Rita looked in the direction he was indicating. “Jesus H. Christ,” she said. Rita had little truck with down-time sensibilities on the subject of blasphemy. “That mob needs a damn train their own selves.”


A mob they may have been, but they were a courteous one — excessively so, in Rita’s opinion, although she didn’t make any objection. She didn’t, for two reasons. First, because despite her frequent complaints and protests, she understood that her job on this mission was to be a di-plo-mat, the dictionary definition of which included: “a person who is tactful and skillful in managing delicate situations, handling people, etc.” Second, because it is hard to be rude to people who are being nice to you. A few people can manage it — more than a few, if they have the benefit of New York or Paris training — but most can’t. Rita was in the latter category. There were some disadvantages to being brought up in a place like West Virginia.

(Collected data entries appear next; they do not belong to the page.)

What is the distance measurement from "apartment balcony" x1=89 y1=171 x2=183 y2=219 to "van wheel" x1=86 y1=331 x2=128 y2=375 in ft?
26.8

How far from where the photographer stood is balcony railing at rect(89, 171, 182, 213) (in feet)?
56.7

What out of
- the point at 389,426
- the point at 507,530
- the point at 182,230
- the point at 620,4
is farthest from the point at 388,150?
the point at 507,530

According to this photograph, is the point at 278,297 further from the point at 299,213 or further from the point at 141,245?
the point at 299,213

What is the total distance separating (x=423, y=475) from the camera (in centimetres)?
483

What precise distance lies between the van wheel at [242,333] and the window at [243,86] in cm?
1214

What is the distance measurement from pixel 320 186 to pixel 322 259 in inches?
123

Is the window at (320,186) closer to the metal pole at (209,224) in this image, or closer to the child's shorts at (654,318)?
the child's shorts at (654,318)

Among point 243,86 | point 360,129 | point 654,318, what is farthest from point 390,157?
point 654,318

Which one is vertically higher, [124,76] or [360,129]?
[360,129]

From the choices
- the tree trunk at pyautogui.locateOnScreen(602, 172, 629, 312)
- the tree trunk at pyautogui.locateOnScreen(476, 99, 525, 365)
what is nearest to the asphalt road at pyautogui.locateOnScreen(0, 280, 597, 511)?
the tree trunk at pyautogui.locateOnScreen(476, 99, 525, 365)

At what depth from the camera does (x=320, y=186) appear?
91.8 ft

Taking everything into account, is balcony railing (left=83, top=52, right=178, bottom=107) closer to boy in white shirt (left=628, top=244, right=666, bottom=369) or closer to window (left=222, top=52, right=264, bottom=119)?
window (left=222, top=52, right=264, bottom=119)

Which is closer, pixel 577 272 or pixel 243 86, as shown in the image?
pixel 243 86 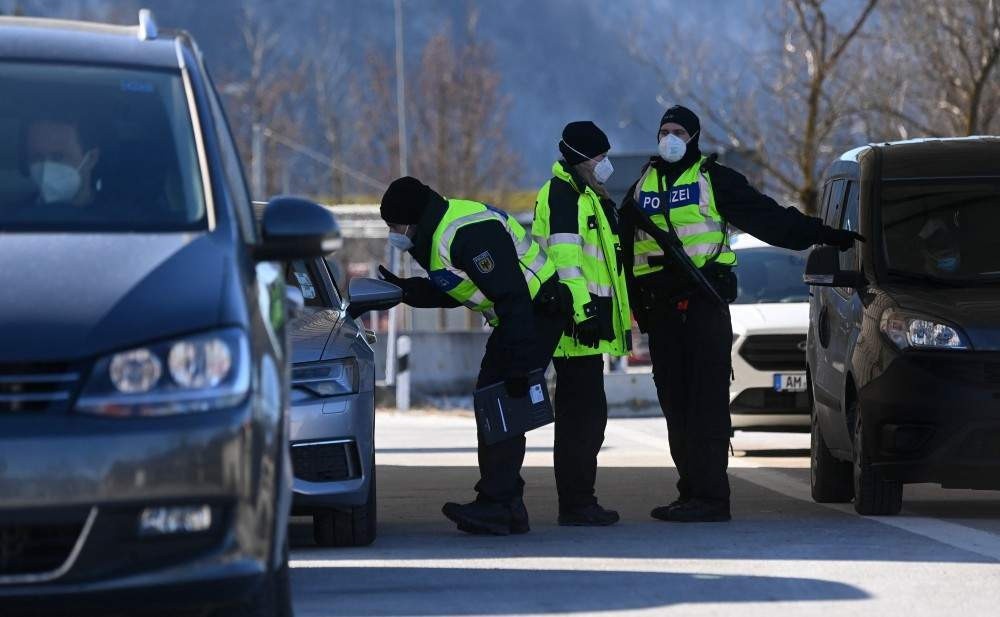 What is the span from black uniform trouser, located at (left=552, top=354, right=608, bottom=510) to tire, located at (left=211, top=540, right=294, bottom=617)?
13.7 feet

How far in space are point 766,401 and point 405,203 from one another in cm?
669

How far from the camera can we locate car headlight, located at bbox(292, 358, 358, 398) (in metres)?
9.10

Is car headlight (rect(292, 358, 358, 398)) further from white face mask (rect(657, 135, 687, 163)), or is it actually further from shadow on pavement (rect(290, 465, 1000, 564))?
white face mask (rect(657, 135, 687, 163))

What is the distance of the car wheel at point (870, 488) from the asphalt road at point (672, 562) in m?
0.10

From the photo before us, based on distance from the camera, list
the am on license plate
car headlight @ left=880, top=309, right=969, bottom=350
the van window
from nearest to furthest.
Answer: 1. car headlight @ left=880, top=309, right=969, bottom=350
2. the van window
3. the am on license plate

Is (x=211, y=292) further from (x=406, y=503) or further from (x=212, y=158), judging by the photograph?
(x=406, y=503)

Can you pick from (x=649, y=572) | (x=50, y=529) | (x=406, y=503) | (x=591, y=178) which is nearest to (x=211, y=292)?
(x=50, y=529)

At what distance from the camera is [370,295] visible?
9641 millimetres

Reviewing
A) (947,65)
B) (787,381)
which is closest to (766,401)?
(787,381)

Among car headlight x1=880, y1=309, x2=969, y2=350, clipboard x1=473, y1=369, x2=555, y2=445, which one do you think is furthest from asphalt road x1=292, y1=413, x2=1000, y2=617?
car headlight x1=880, y1=309, x2=969, y2=350

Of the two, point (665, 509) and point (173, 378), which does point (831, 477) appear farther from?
point (173, 378)

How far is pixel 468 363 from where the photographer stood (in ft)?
97.2

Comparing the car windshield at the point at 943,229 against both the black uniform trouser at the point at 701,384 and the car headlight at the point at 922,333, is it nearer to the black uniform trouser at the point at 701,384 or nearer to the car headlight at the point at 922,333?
the car headlight at the point at 922,333

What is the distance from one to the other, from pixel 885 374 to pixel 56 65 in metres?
4.74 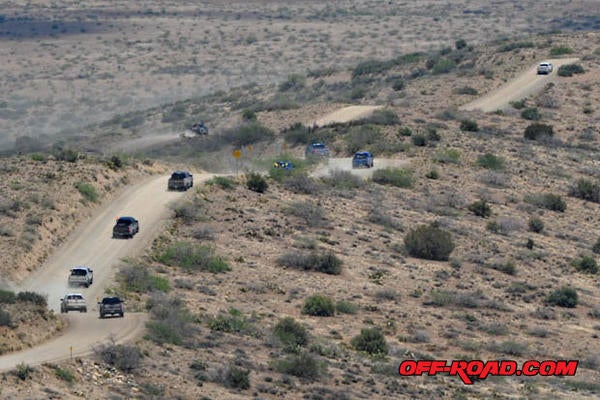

When she — she alone, Bonnie and Böcler having been deftly peeled away by courtiers — was brought into the presence of Archduchess Isabella, Rita found herself being quite disarmed. Most people can manage to be polite, with a little effort. The archduchess, when she was inclined to do so — which was not always, by any means — could turn it into an art form.

She was one of the Grand Old Ladies of the European aristocracy, as grand as it can get short of being an outright queen — and for most of her life, Isabella had actually wielded more real power than all but a handful of queens in the continent’s history.

She was known as Isabella Clara Eugenia of Austria, although she’d been born in Segovia and was an infanta of Spain. Her father had been King Philip II — yes, that Philip II, the one who launched the Armada against England and whose reign was considered the heyday of Spanish power. His empire had included territories on five of the seven continents, lacking only Australia and Antarctica, and the Philippine Islands had been named after him. The reference to an empire upon which the sun never sets, which most Americans attributed to the English empire of a later day, was originally coined to refer to Philip’s.

Isabella’s mother had been no slouch in the royalty department herself. She was Elizabeth of Valois, the daughter of Henry II of France and Catherine de’ Medici. Isabella’s other two grandparents had been Emperor Charles V and Infanta Isabella of Portugal, on her father’s side.

While still in her twenties, Isabella Clara Eugenia had been a contender for the throne of France, being advanced for that position by the Catholic party that controlled the Parlement de Paris. In the end a different contender seized the throne, the Protestant Henry III of Navarre, who converted to Catholicism after supposedly making the famous quip “Paris is well worth a mass” and became Henry IV of France, the founder of the Bourbon dynasty.

As if in compensation — it was really just another move in the constant strife of dynasties — Isabella was given in marriage to her cousin, Archduke Albert of Austria. The representatives of the two Habsburg branches were given the Netherlands over which they would rule jointly. She was thirty-three years old at the time.

The marriage was a happy one, except for the fact that all three of their offspring had died in childhood. Their joint rule inaugurated a period of relative peace and prosperity in the southern Netherlands, and it was during that period that the great age of Flemish art began, with their patronage of such figures as Peter Paul Rubens and Pieter Brueghel the Younger.